## EXERCISE INSTRUCTIONS
Output only the lines that run from the line holding "Los Angeles Retro" to the end of the data below, including both ends, without any pictures.

[Web page caption snippets]

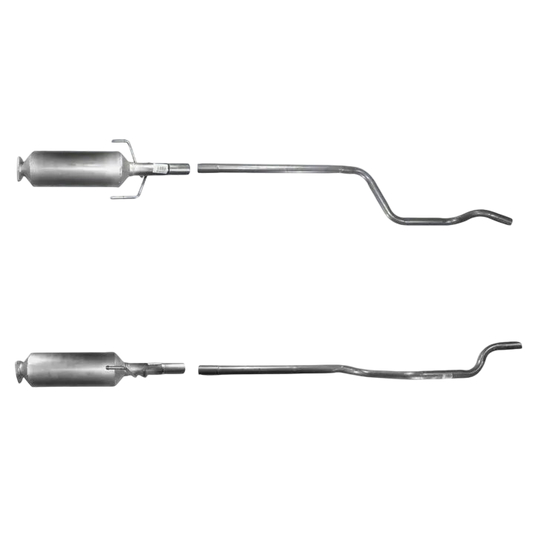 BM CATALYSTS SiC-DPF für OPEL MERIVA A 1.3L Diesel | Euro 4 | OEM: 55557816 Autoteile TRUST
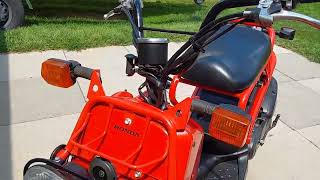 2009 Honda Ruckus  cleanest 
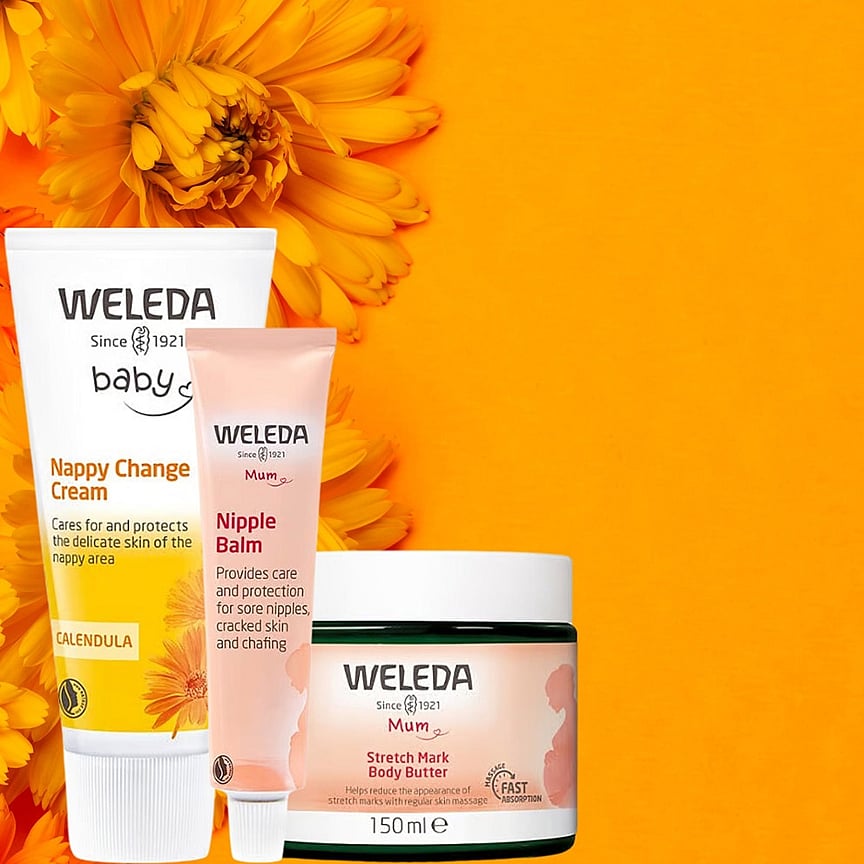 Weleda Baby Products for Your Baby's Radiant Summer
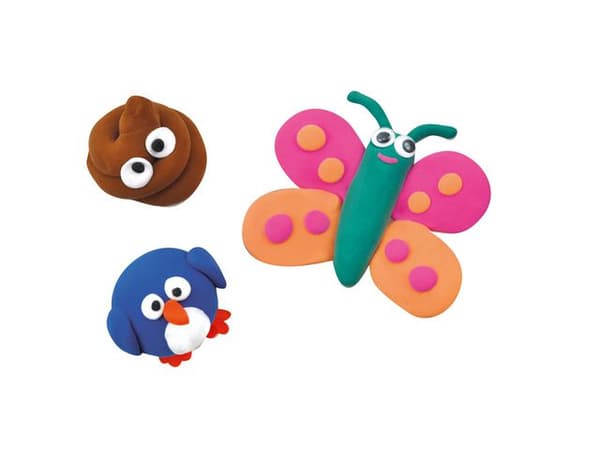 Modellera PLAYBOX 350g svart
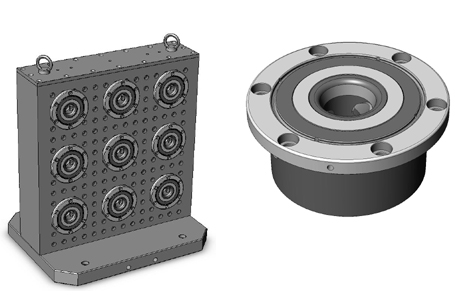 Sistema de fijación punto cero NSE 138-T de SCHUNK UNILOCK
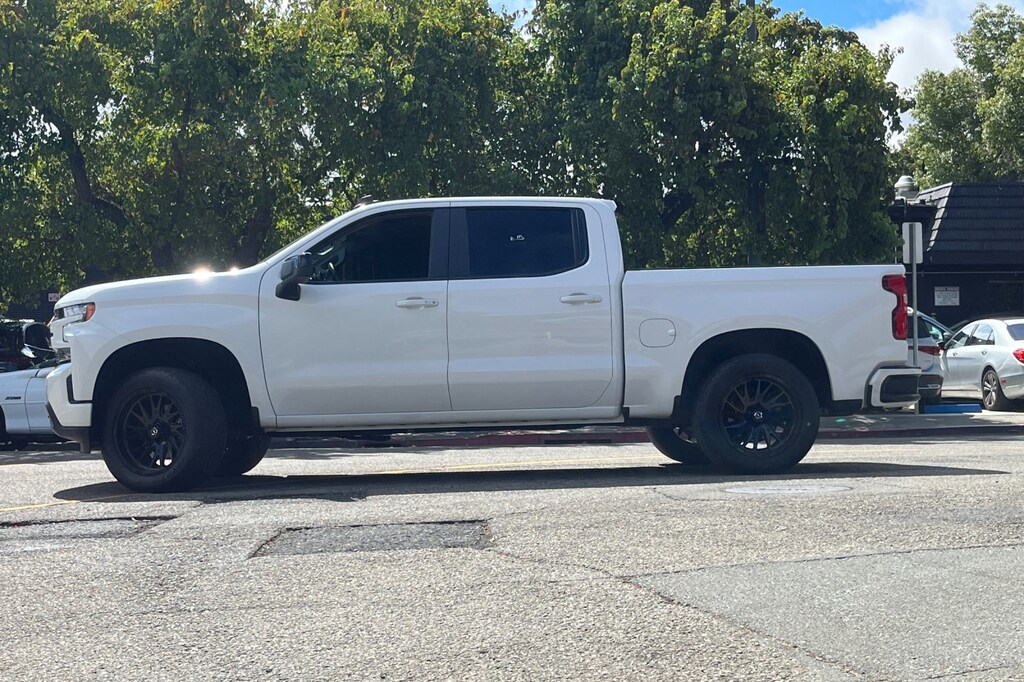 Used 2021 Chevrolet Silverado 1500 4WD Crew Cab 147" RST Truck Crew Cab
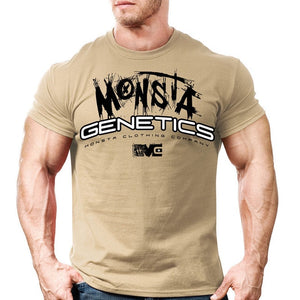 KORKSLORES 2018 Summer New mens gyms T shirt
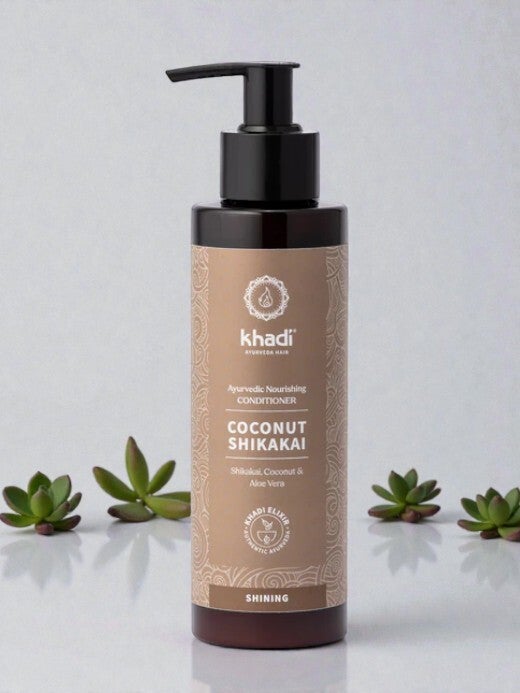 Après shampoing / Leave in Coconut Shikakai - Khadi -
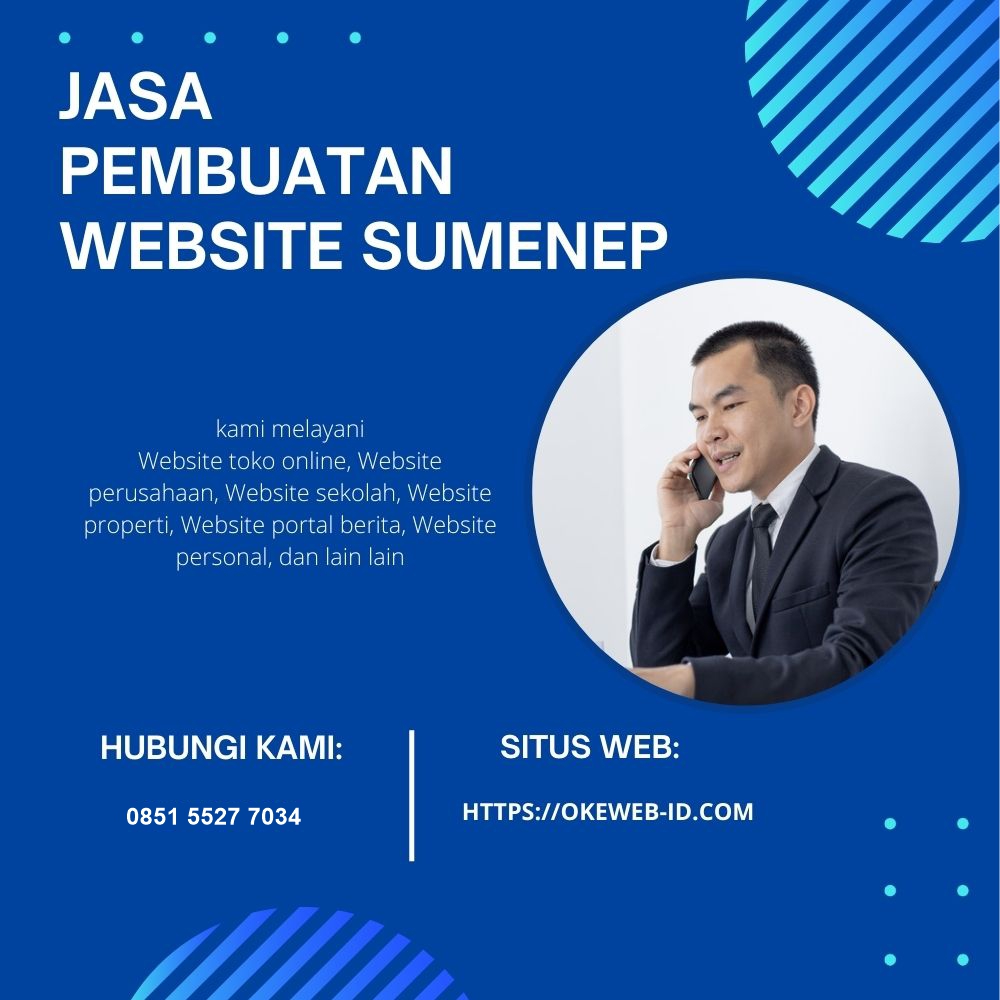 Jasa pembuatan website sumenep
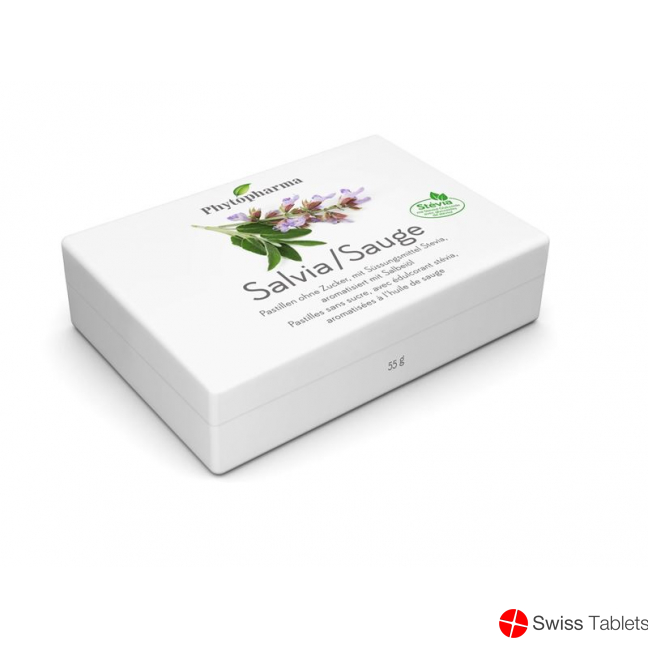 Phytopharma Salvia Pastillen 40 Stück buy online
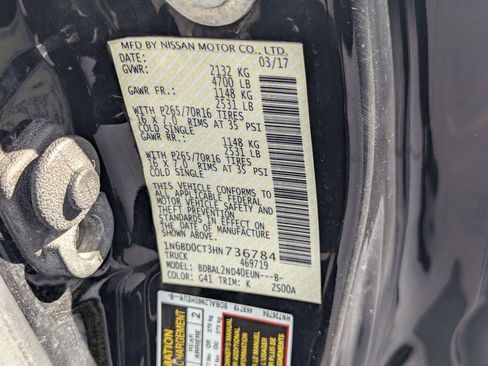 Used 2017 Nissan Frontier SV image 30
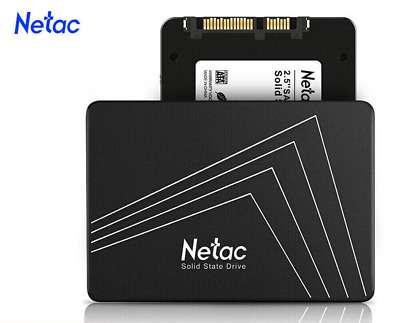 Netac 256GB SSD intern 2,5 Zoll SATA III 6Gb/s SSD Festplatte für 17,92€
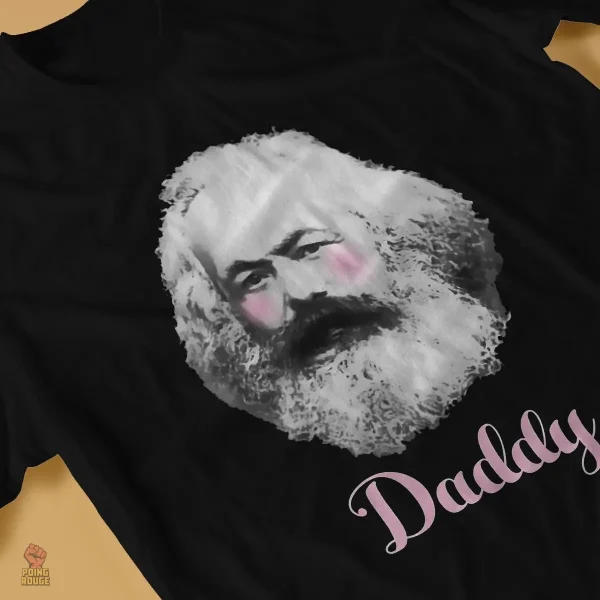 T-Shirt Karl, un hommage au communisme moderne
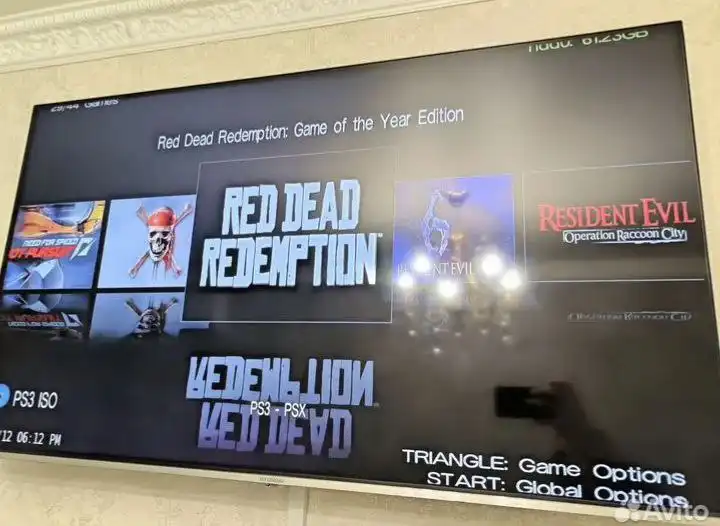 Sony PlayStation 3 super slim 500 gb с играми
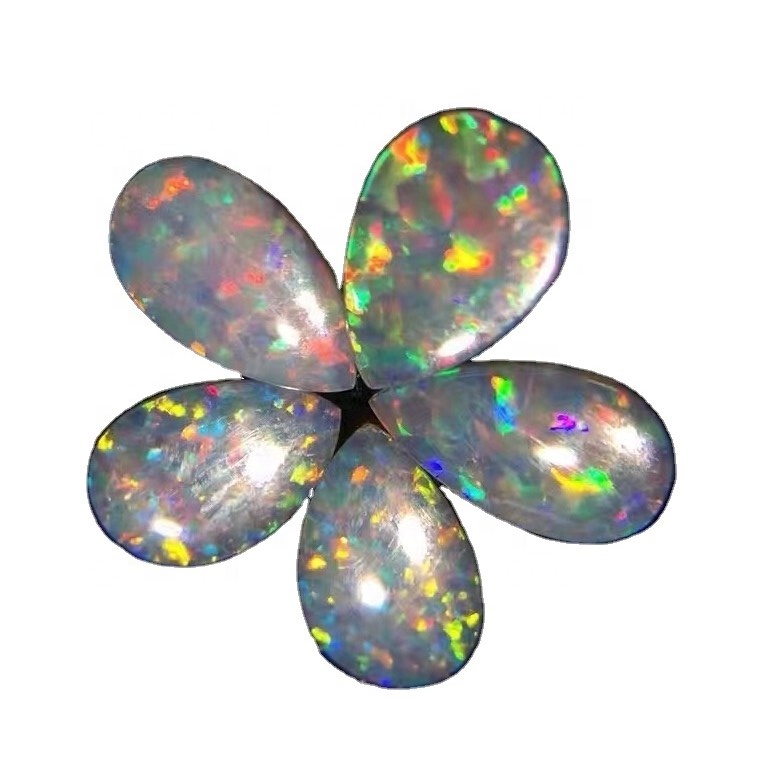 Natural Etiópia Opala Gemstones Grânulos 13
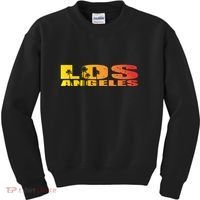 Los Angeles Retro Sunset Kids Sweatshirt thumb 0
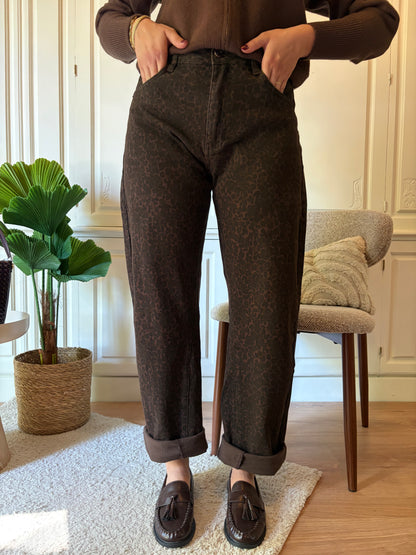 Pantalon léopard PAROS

## ANSWER TO THE PROBLEM
 Los Angeles Retro Sunset Kids Sweatshirt thumb 0
 Pantalon léopard PAROS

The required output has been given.